Stored items
= = = = =

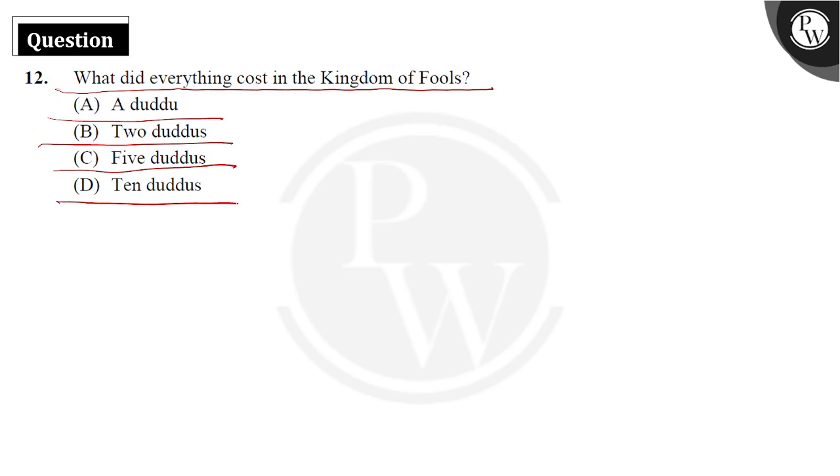What is the answer? The answer is a daddu — each thing was valued at a single daddu, the currency they were using there. So Option A is your answer. Options B, C, and D have been declined.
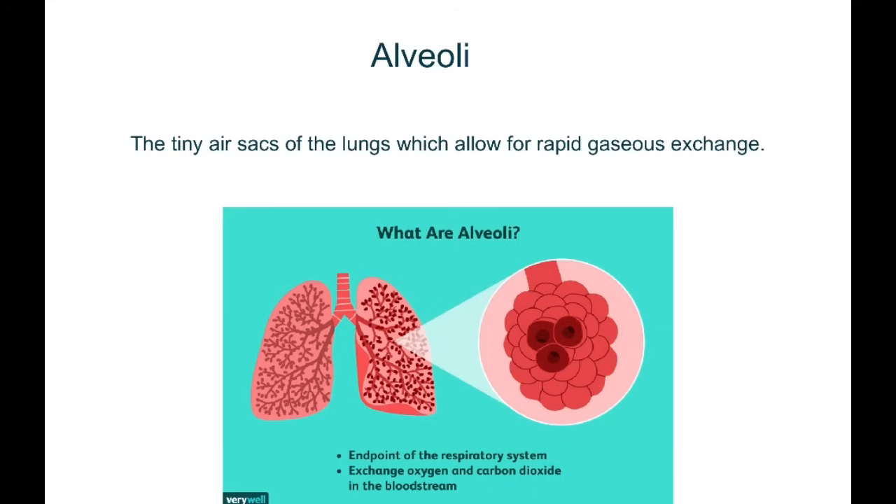Alveoli are the tiny air sacs of the lungs, which allow rapid gaseous exchange. Moreover, they are the endpoints of the respiratory system. They exchange oxygen and carbon dioxide in the bloodstream.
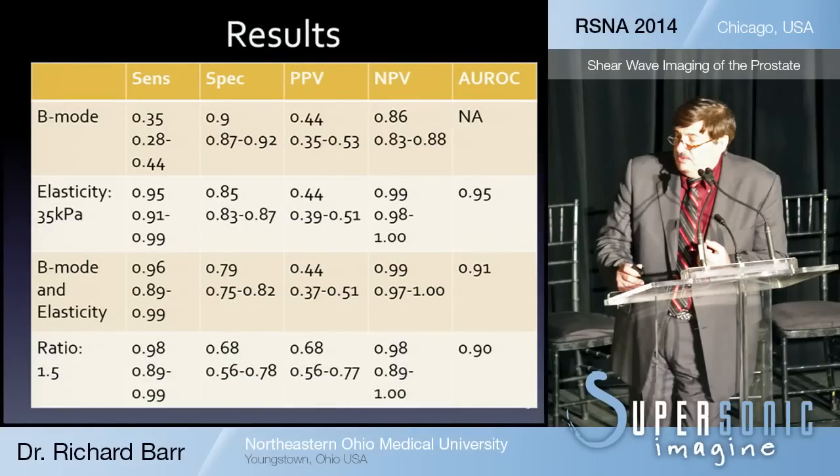Comparing B-mode alone versus shear wave imaging alone versus combined B-mode and elasticity, and also the ratio: the sensitivity and specificity for B-mode imaging are poor, whereas shear wave gives a sensitivity of 95 percent and specificity of 85 percent. Adding B-mode imaging does not substantially improve sensitivity or specificity. The areas under the curve were actually higher for elasticity imaging alone compared to combined B-mode imaging.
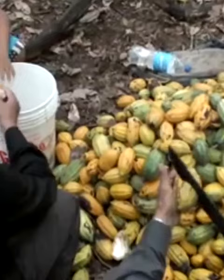They cover it with more leaves. The wild yeast in the air gets on the pulp and begins to ferment it. The yeast ferments the sugar in the pulp into alcohol.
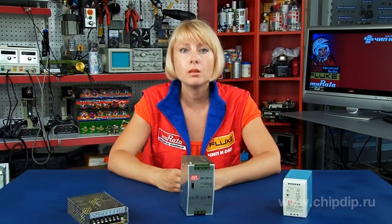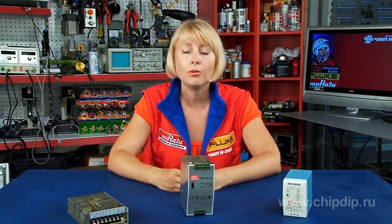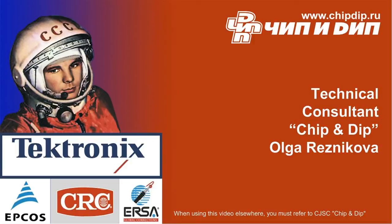Moreover, Recom has gone even further. They manufacture RPP series DC-DC converters with a record-high insulation strength of 10 kV.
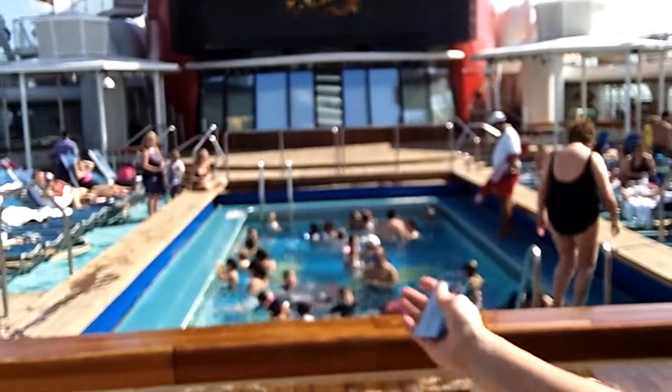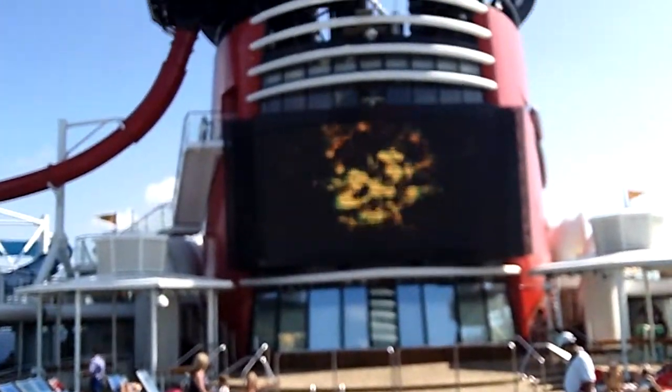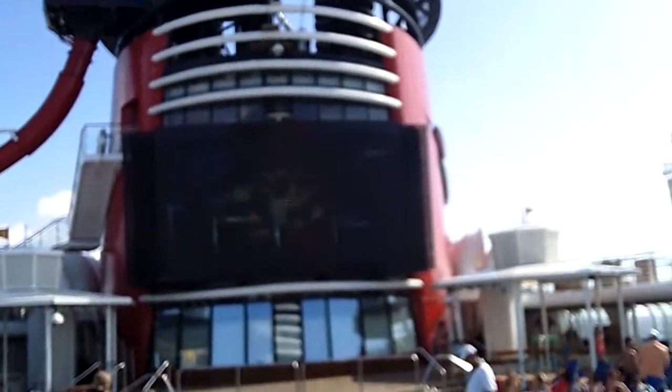This is the old area of the Indy Magic. As you can see, there's the pool, which is very well attended. There's a big screen out there, and this is the most awesome thing ever — it's called Funnel Vision.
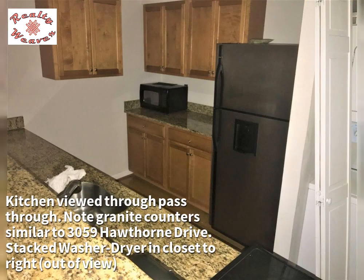The kitchen is viewed through the pass-through. Note the granite counters, similar to 3059 Hawthorne Drive.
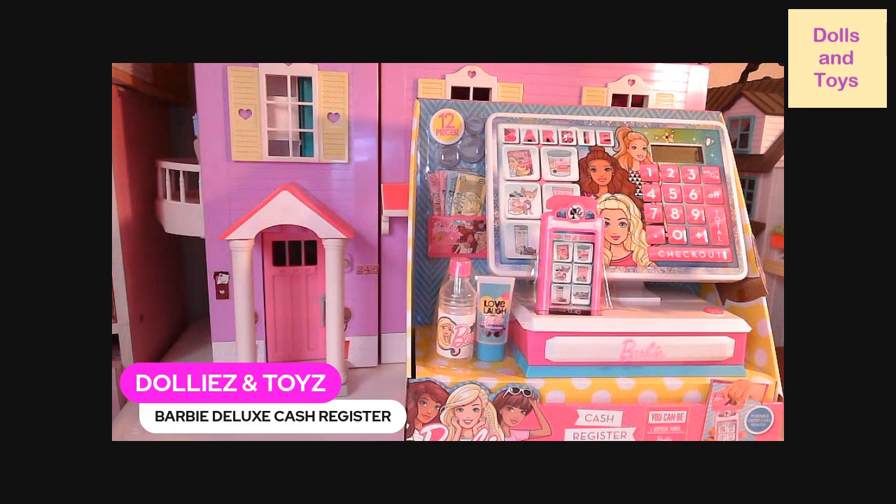This Barbie Cash Register comes with play cash and coins, one play credit card, one cell phone with built-in play credit card reader, one play bottle of sunscreen, one play bottle of water, a touchscreen calculator which really works, and a button for fun Barbie phrases and register sounds. The Barbie drawer pops out like a real register, and you can use the portable cell phone with play scanner for taking orders on the go.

= = = = =

TASK DETAILS
The answer should consist only of the lines above from the one with "Alveoli are the" through the one with "Moreover, Recom has", repeated exactly, with no pictures among them.

WRITTEN RESPONSE
Alveoli are the tiny air sacs of the lungs, which allow rapid gaseous exchange. Moreover, they are the endpoints of the respiratory system. They exchange oxygen and carbon dioxide in the bloodstream.
Comparing B-mode alone versus shear wave imaging alone versus combined B-mode and elasticity, and also the ratio: the sensitivity and specificity for B-mode imaging are poor, whereas shear wave gives a sensitivity of 95 percent and specificity of 85 percent. Adding B-mode imaging does not substantially improve sensitivity or specificity. The areas under the curve were actually higher for elasticity imaging alone compared to combined B-mode imaging.
They cover it with more leaves. The wild yeast in the air gets on the pulp and begins to ferment it. The yeast ferments the sugar in the pulp into alcohol.
Moreover, Recom has gone even further. They manufacture RPP series DC-DC converters with a record-high insulation strength of 10 kV.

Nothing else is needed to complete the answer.